Hello!
I’ve been using YOLOv8 for a detection task. I want to process crops on-the-fly without saving crop images on the disk (it means i can`t use <save_crop=True> option).
However, the results of using the <save_crop=True> flag differ significantly from the bounding boxes in the result.boxes object.
You can see that in the attached images. On the left you can see results with save_crop=True, on the right you can see results of manually cropping original image with result.boxes coordinates:
This difference is crucial because the obtained crops from YOLO are then processed by another OCR model. The quality of the OCR is much better with the save_crop=True flag.
I’ve tried adding some pixels around the coordinates obtained from result.boxes, but the quality is still low. I think the problem is somehow related to resizing, but I can’t figure out how. I don`t resize original image before passing it down to YOLO.

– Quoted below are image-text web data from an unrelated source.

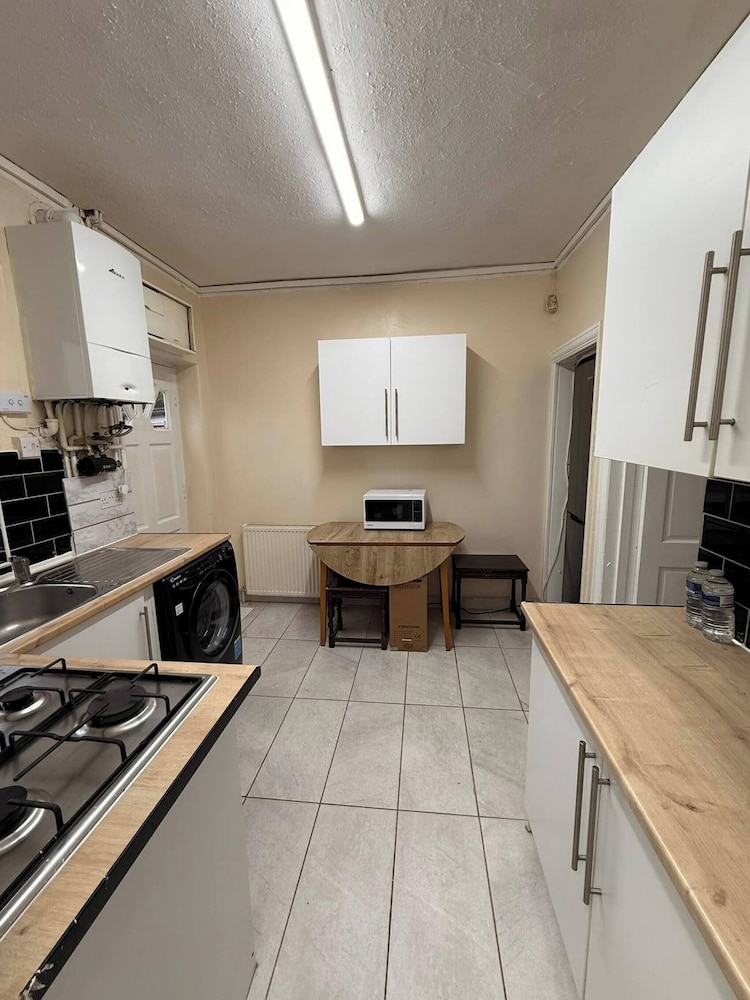 3bedroom Entire House in Stockport Town Manchester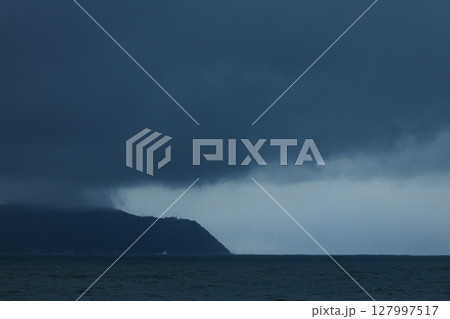 冬の日本海風景 冬の日本海風景 127997517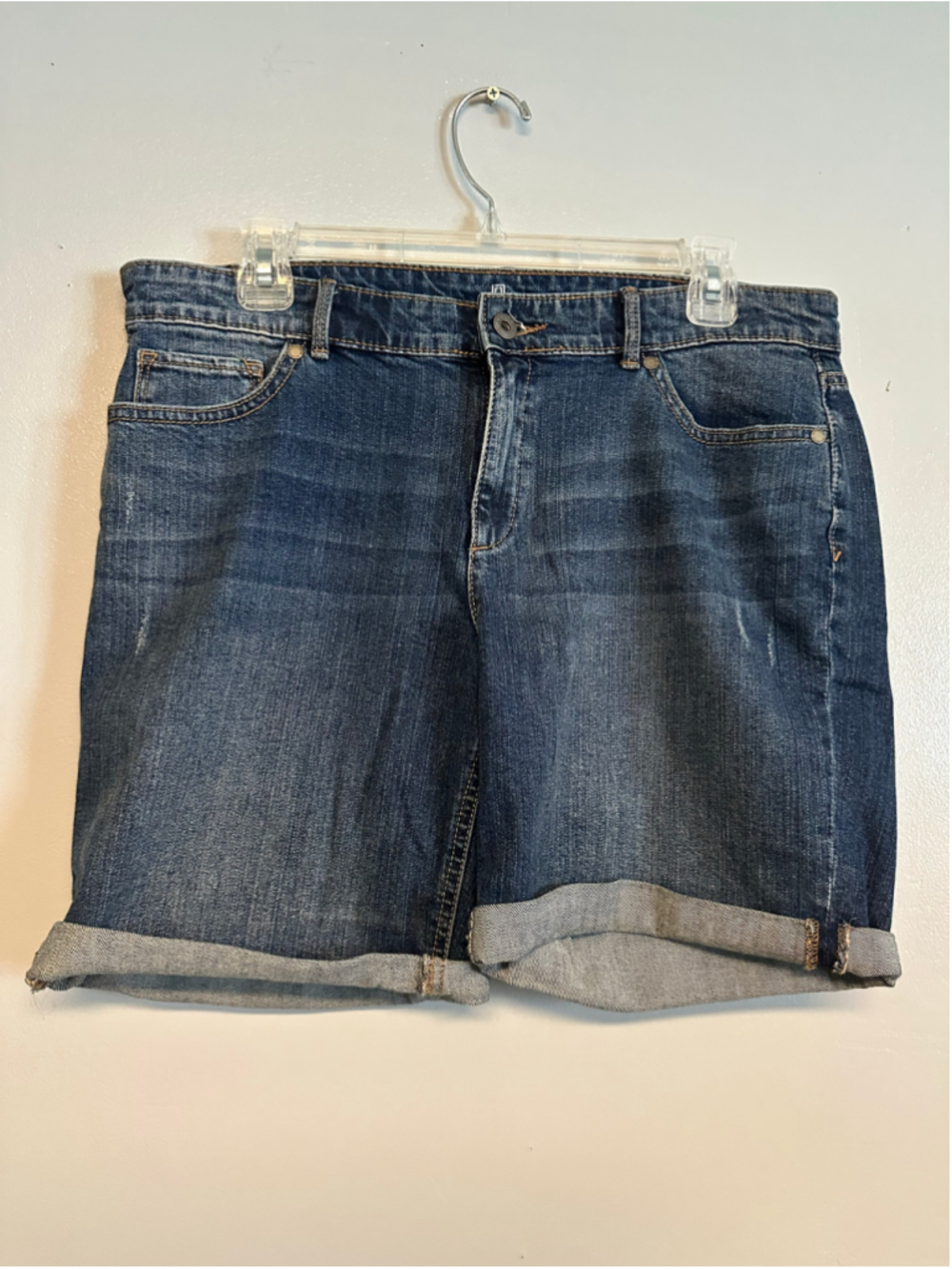 Liz Claiborne Jean Shorts Size 6 Blue Denim Mid Rise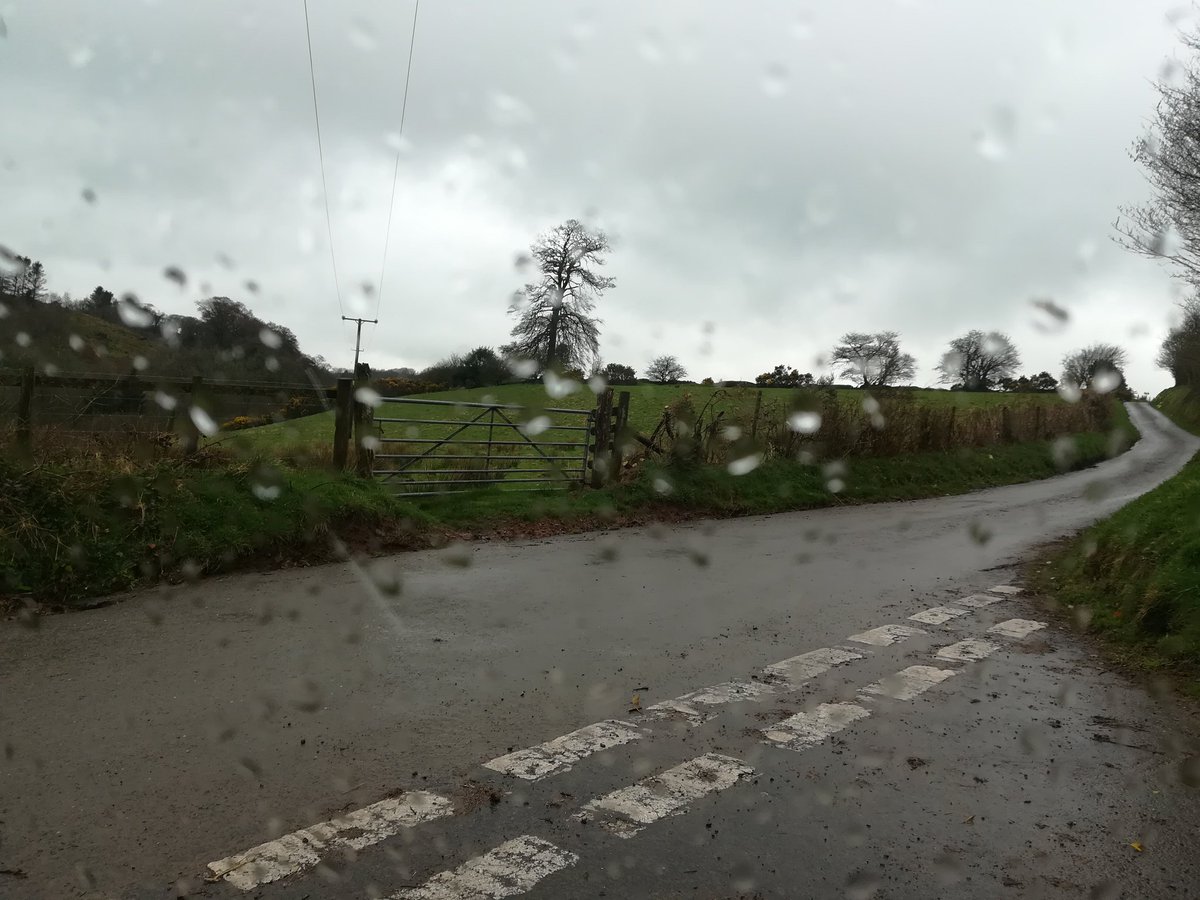 ryveilig's tweet photo. Running a (electric) car on wind, wave or solar power is still my ultimate transport fantasy. @NissanElectric #2018Leaf #NorthDevon #RoadTrip #OneDayToGo https://t.co/PYuVH5ygOq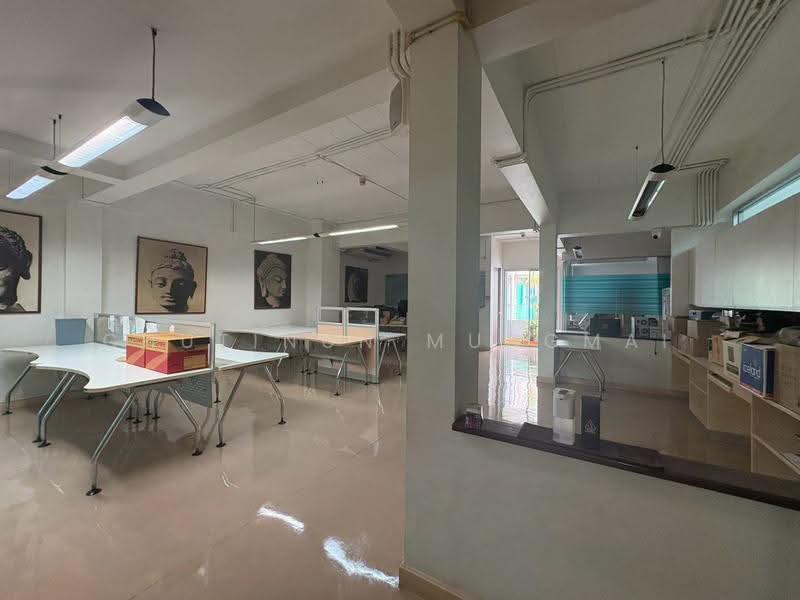 Four-Storey Property For Sale in Sukhumvit 20 | 5 min Walk to Emsphere, Bangkok, Sukhumvit 20, Khlong Toei, Bangkok, , 1,000 sqm, Shophouse For Sale, by Chutinun Mungmai, 500623951 - DDproperty.com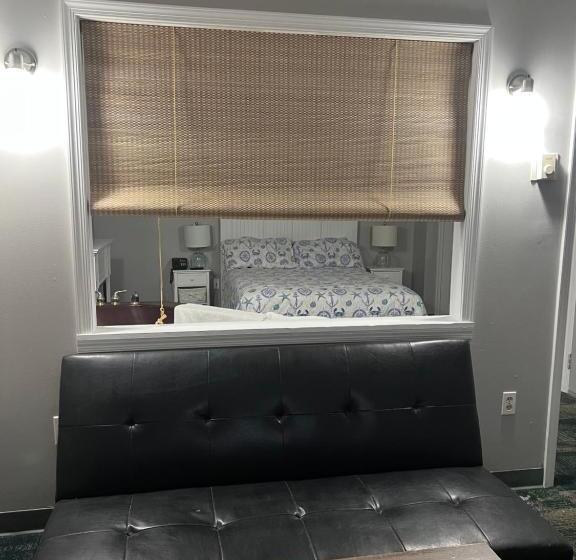 Люкс Повышенной Комфортности, Carbone S Beachside Guest Rooms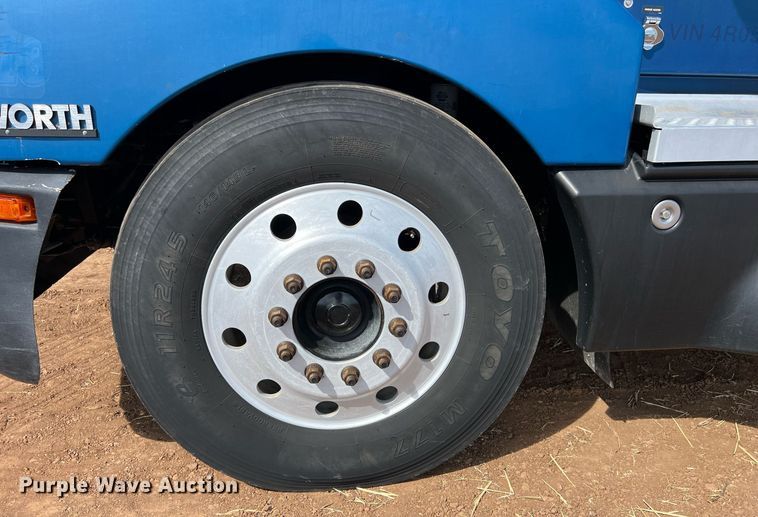 image for item ED2479 2004 Kenworth T600 semi truck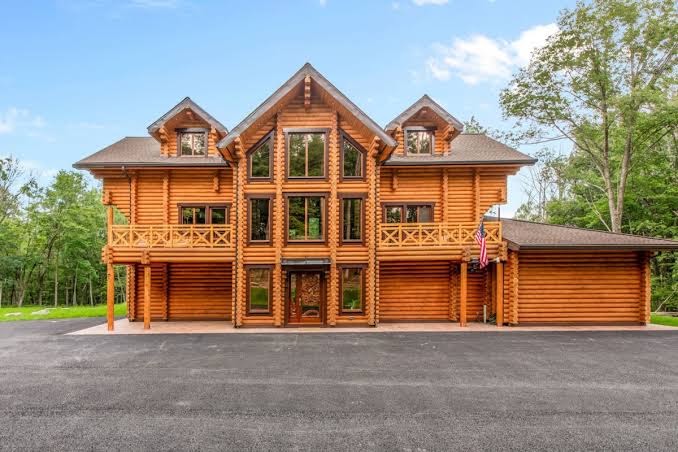 Log House Vacation Rental with Pool and Sauna, New Jersey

This is how i get save_crop images:
results = yolo_model(image_name, save_crop=True, exist_ok=True, verbose=True, project="/work/", name="yolo_res", classes=[5,6,12])
This is how i get results.boxes images:
results = yolo_model(image_name, save_crop=False, save=False, verbose=True, classes=[5,6,12])
for bbox in yolo_results[0].boxes.xyxy.numpy():
x_min, y_min, x_max, y_max = bbox
cropped_image = page_name.crop((x_min, y_min, x_max, y_max))
Please advise me on what could be the source of this problem and how I can fix it. TIA!